Сашка же так и остался crazy [19] . Вот на кого время не наложило отпечатка. Мелкий, с копной густых волос, косо прикрытых детской панамой, он несуразно торчал из обширных комиссарских галифе времён гражданской войны, к которым снизу были приделаны жёлтые шнурованные сапожки роммелевского солдата, чудом сохранившиеся до наших дней. На подъёмах они были обмотаны изолентой и представляли собой специализированный трофейщицкий вариант обуви. Надо заметить, Крейзи был единственным, кто продолжал регулярно ездить на раскопки.
С Пухлым, Крейзи и Димой мы были одногодками. Ещё в нашей компании имелся «латышский стрелок» Балдорис по кличке Болт. Он был долговязый и нескладный. Несмотря на то, что прибалтийские корни были давным-давно оборваны, а сам Балдорис родился и воспитывался в Питере, он остался каким-то гипертрофированным лабасом. Глинник взял его в лес, чтобы приобщить к раскопкам. Балдорис ими давно интересовался, да всё никак не представлялось возможности съездить. Работал Болт на стройке. Он и в лес так оделся: брезентовая спецовка и кирзовые строительные ботинки.
Балдорис был исполнителен, старателен и туповат – сказывалась курляндская кровь. Кроме того, он был блондином. Подаренная Пухлым унтерская шапка-гансовка сделала из него настоящего защитника фатерланда. Ему и формы не требовалось, чтобы быть принятым за гитлеровца, – вот что значит чистота происхождения! В образ бы неплохо вписался МГ-34, но пулемёт мы оставили у маринкиных родителей.
На первое время Пухлый раздал нам винтовки Мосина, благо, этого добра у него хватало.

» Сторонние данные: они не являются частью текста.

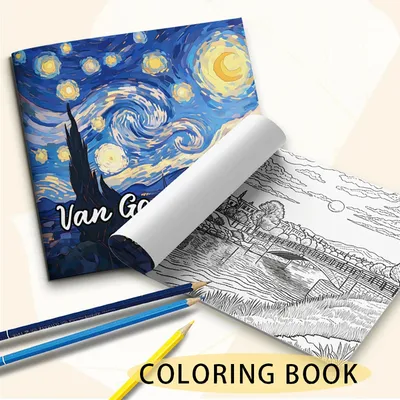 Bview Art Van Gogh Inspired Adult Coloring Book: Stress Relief Art Therapy with Hand-Drawn Illustrations & Sketch Pages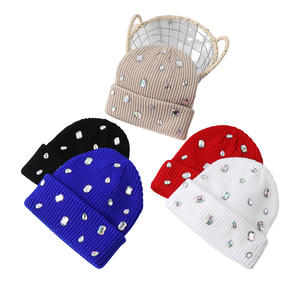 Gorros de Punto Acrílico 100% para Mujer, Estilo Playa y Negocios, con Pedrería Multicolor, Tejido Acanalado, Venta al por Mayor - Product Image 2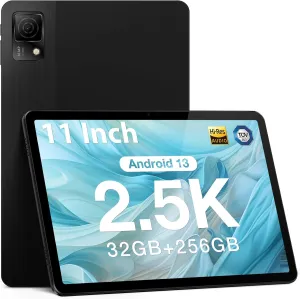 DOOGEE 11 Inch Tablet T30 Ultra, 2.5K Display Android 13 Tablet, Helio G99 Octa Core, 32GB RAM   256GB ROM Expand 2TB, 8580mAh Battery,16MP   8MP Camera, Hi-Res & TUV Certification Android Pad (Black)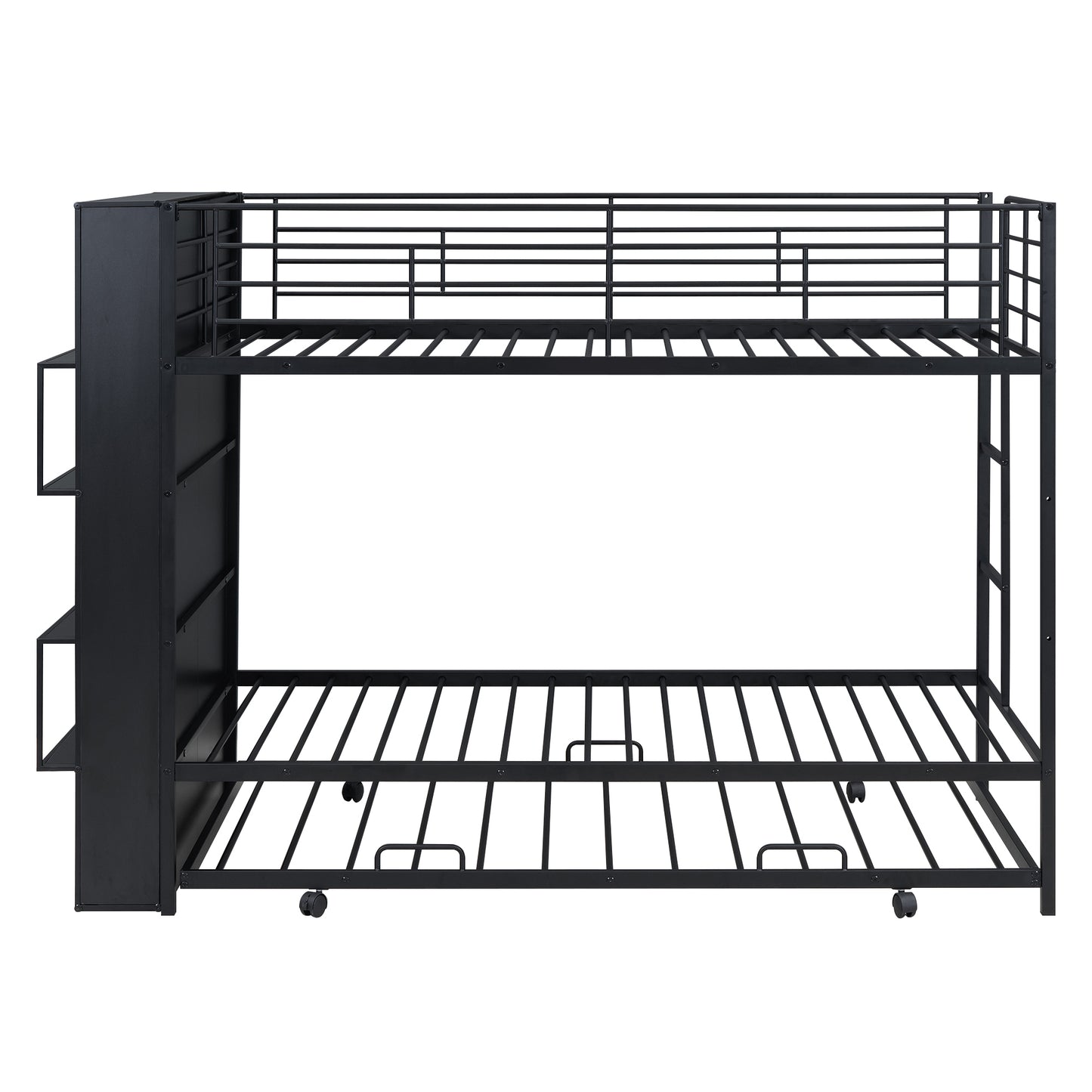 Twin Size Black Metal Bunk Bed with Integrated Bookshelf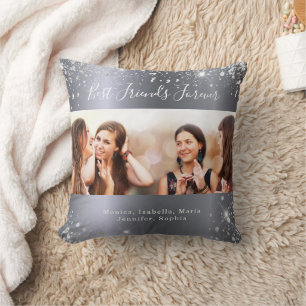 Coussin Meilleurs amis argent photo parties scintillant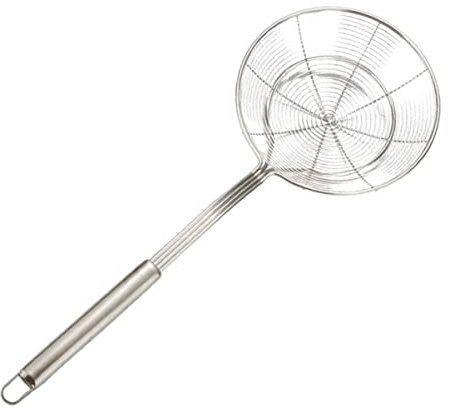 HEMOTON Écumoire Araignée en Acier Inoxydable Profonde Paniers de Restaurant Nouilles Fendues de Chips de Soupe Porte-Frites Fine Diamètre de La Poignée Écumoire Friteuse Écumoire De Friteuse 14cm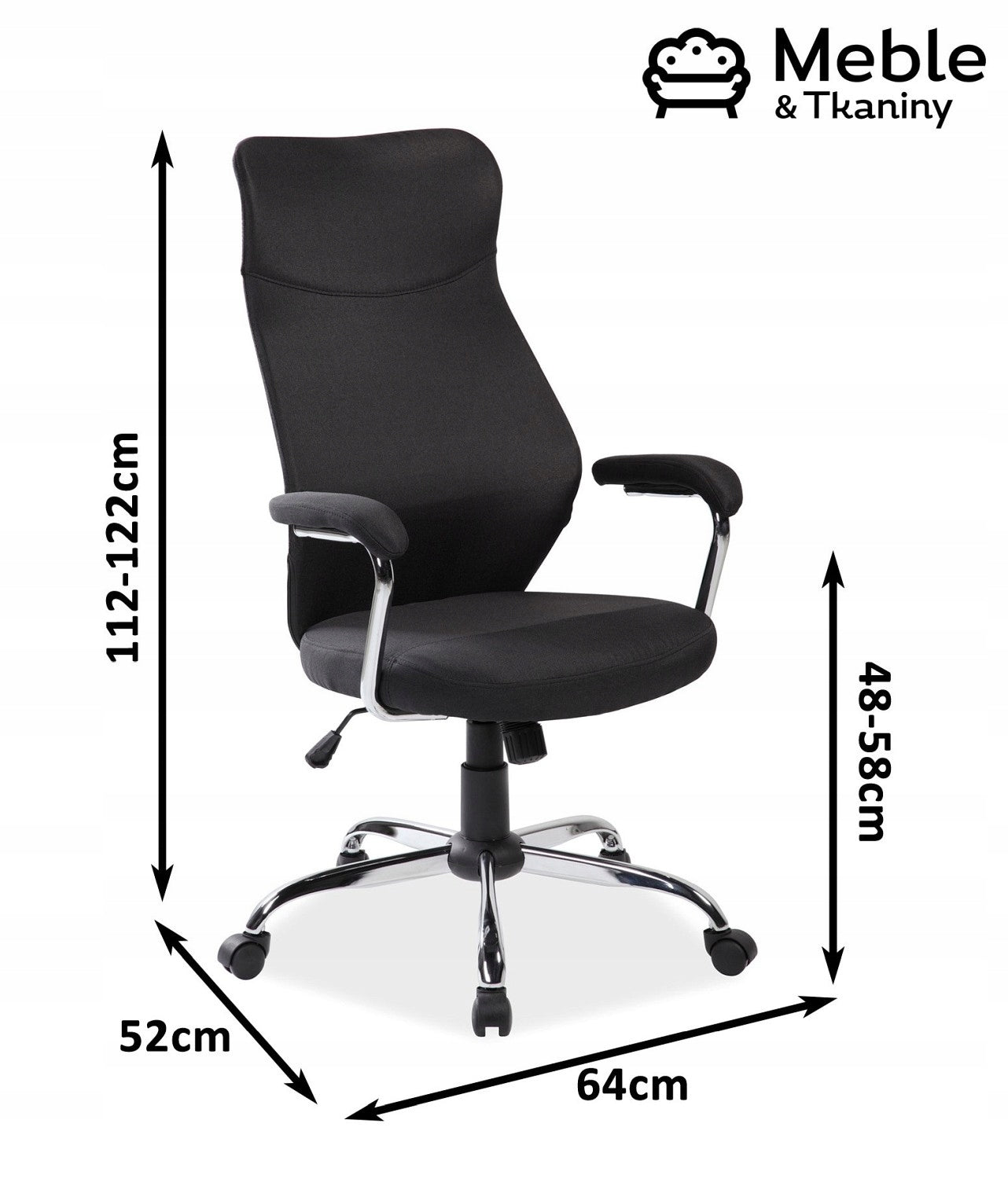 Swivel Armchair Q-319 Black Studio Office Packaging status original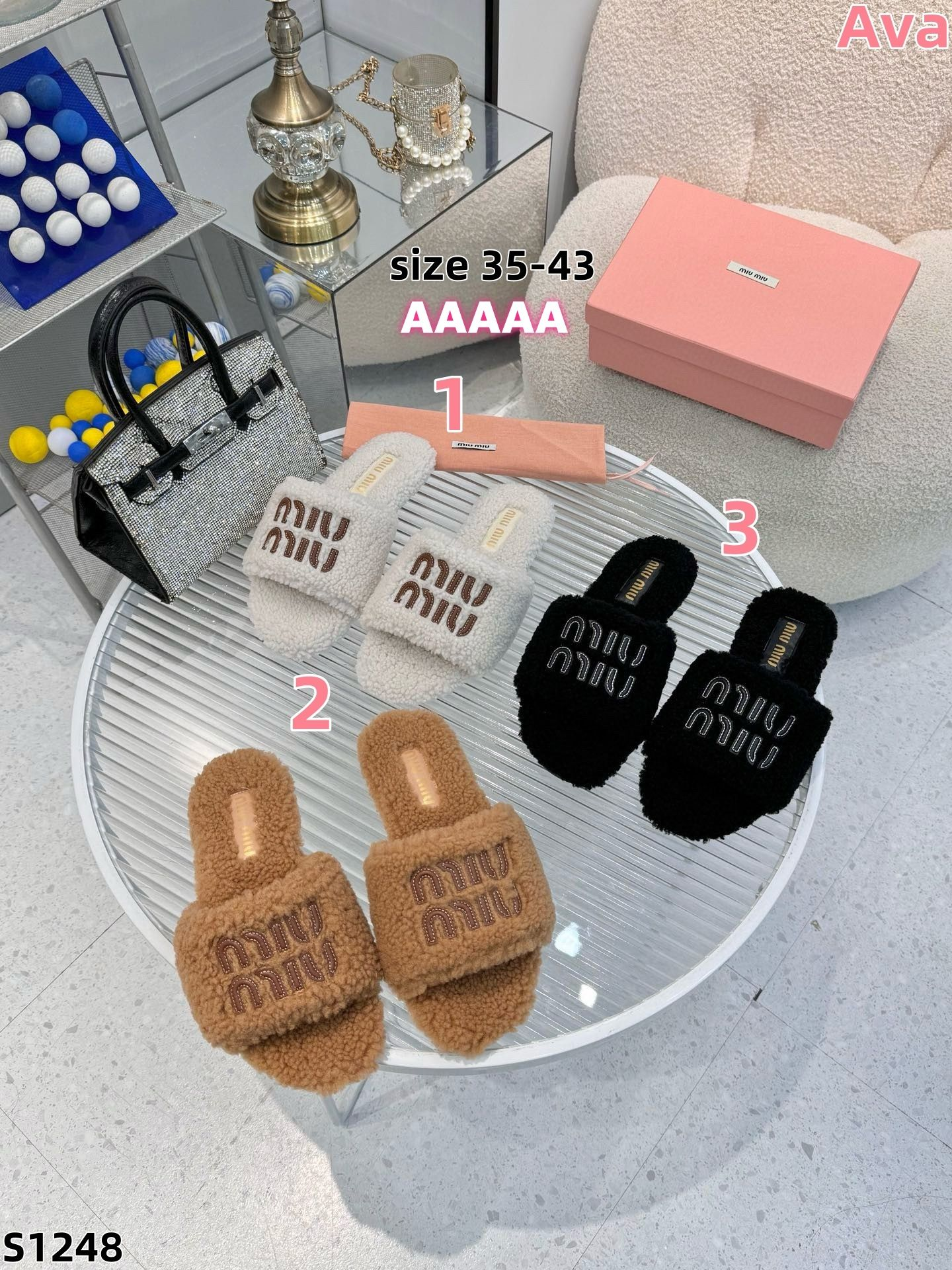 S1248 fMiu Miu Fur Slippers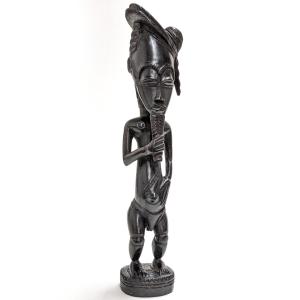 《決算セール！20％OFF・30日まで》バウレ族木彫立像 高さ38cm アフリカンアート｜afromode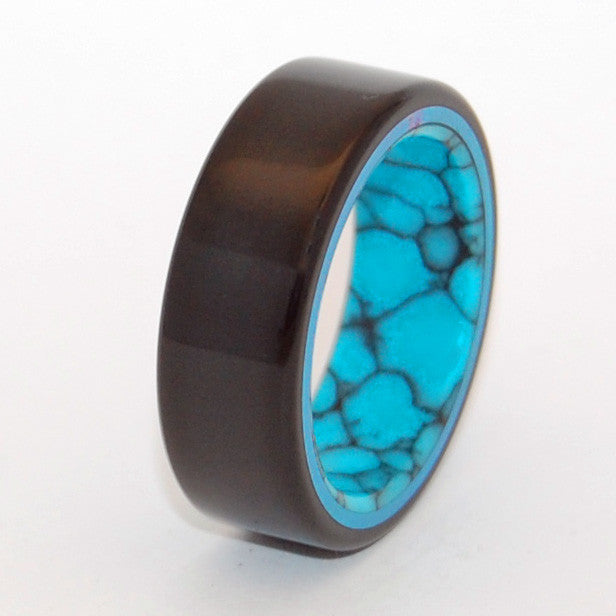 VATNAJOKULL | Turquoise & Onyx Stone Titanium Men's Black Wedding Rings - Minter and Richter Designs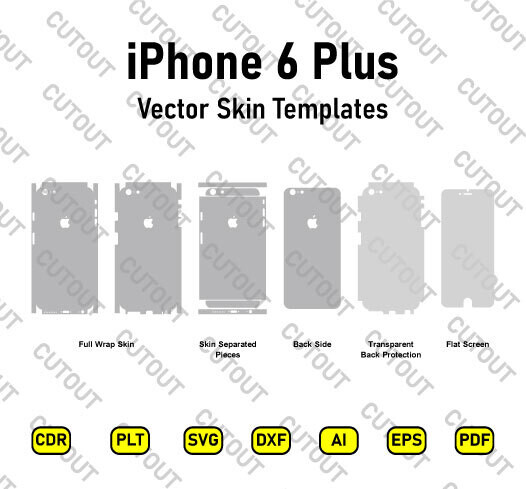​Archivos de corte de piel vectorial para iPhone 6 Plus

Я с ностальгией взял в руки пахнущую ружейным маслом трёшку, сразу узнав работу Вована: удобный приклад, глубокие незашлифованные царапины на стволе, где мы обдирали ржавчину наждачным кругом. Боре я конечно наврал: на забор Пухлому шли некондишн-стволы, которые лежали в земле без патрона в казённике. Дураки мы, что ли, гноить хорошее железо! Заряженные винтовки успешно реставрировались нами и затем использовались по прямому назначению. У пустых винтовок ржавел казённик, стрелять из них было можно, но гильзу в разъеденном коррозией стволе безжалостно раздувало и на выбросе затвор её рвал. Негодные трёшки и ганс-винты разбирались нами на запчасти, а стволы не жалко было пустить на ограду.
Боря очень комично смотрелся с трёшкой и в плоской каске парашютиста люфтваффе, казавшейся мизерной по сравнению с глубокими «котлами» гитлеровской пехоты, в изобилии валяющимися по лесу. Плоская как тарелка, с маленькими «наушниками», она была сконструирована, чтобы не мешаться при прыжках. По принципу «на безрыбье и раком встанешь» – лишь бы прикрыться. На лобастой бориной башке эта миска выглядела по меньшей мере забавно.